- WHAT THIS TASK INVOLVES -
Exactly as written, print the lines from the top of the listing through the line containing "Therefore sodium must"; include no pictures.

━━━━━━

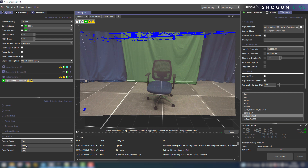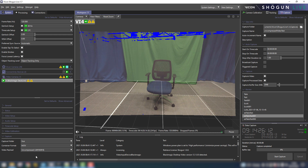Let's change the format to MOV, and if not set by default, the video payload should be set to uncompressed.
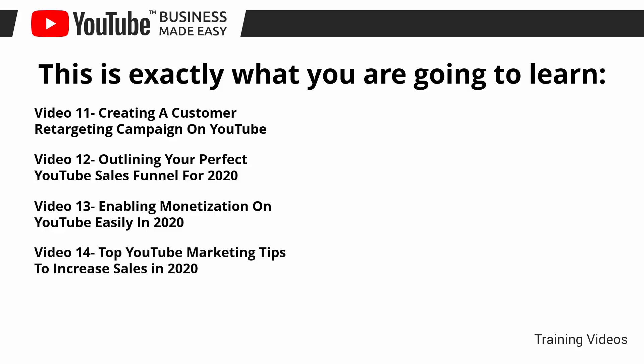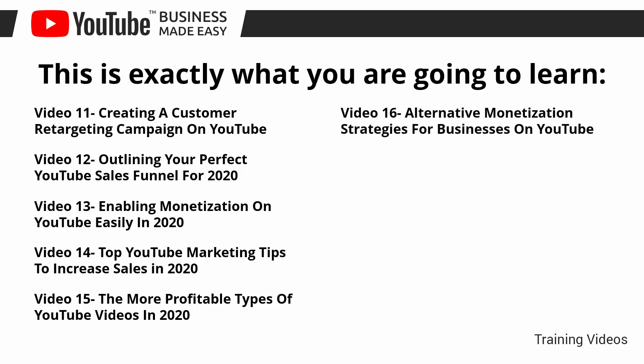Video number 14, top YouTube marketing tips to increase sales in 2020. Video number 15, the most profitable types of YouTube videos in 2020. Video number 16, alternative monetization strategies for businesses on YouTube. Video number 17, YouTube business do's and don'ts.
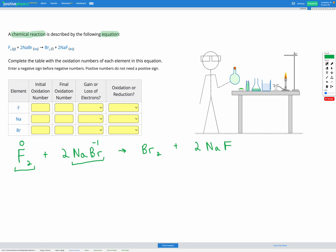Therefore sodium must be positive one so that those cancel out to give a zero overall since it's a neutral compound.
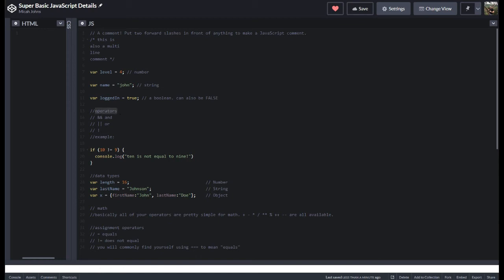There's these things called operators and operators allow you to do things inside of your conditional statements. You can say like and, or, or not. So like if I said, if 10 is not equal to 9, then say 10 is not equal to 9, right? Cool.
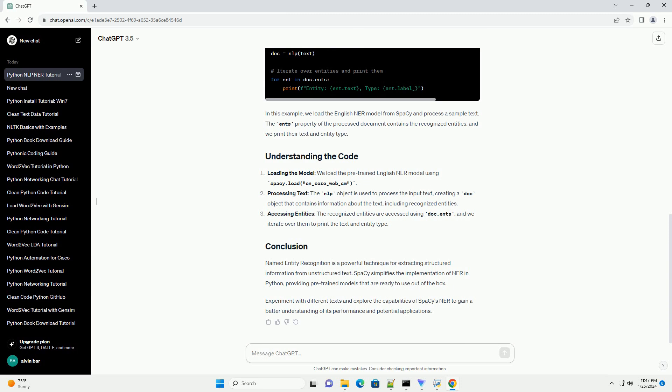Loading the model: we load the pre-trained English model using spaCy.load, en_core_web_sm.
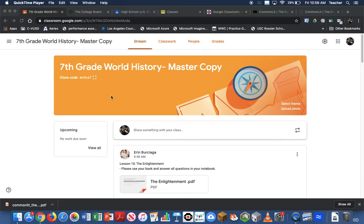This video is going to show you how you can actually copy assignments from the master copy into your own Google Classroom.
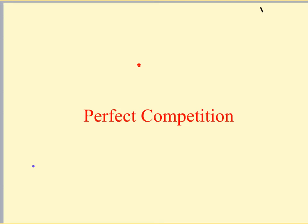Hey guys, so in this video we're just going to be looking at perfect competition in the long run. I just want you to recap over short run and long run when we look at the cost of productions. The short run is the period of time in which one factor of production will be fixed and maybe the rest of them will be variable.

━━━━━━

- PROBLEM SOLUTION -
Let's change the format to MOV, and if not set by default, the video payload should be set to uncompressed.
Video number 14, top YouTube marketing tips to increase sales in 2020. Video number 15, the most profitable types of YouTube videos in 2020. Video number 16, alternative monetization strategies for businesses on YouTube. Video number 17, YouTube business do's and don'ts.
Therefore sodium must be positive one so that those cancel out to give a zero overall since it's a neutral compound.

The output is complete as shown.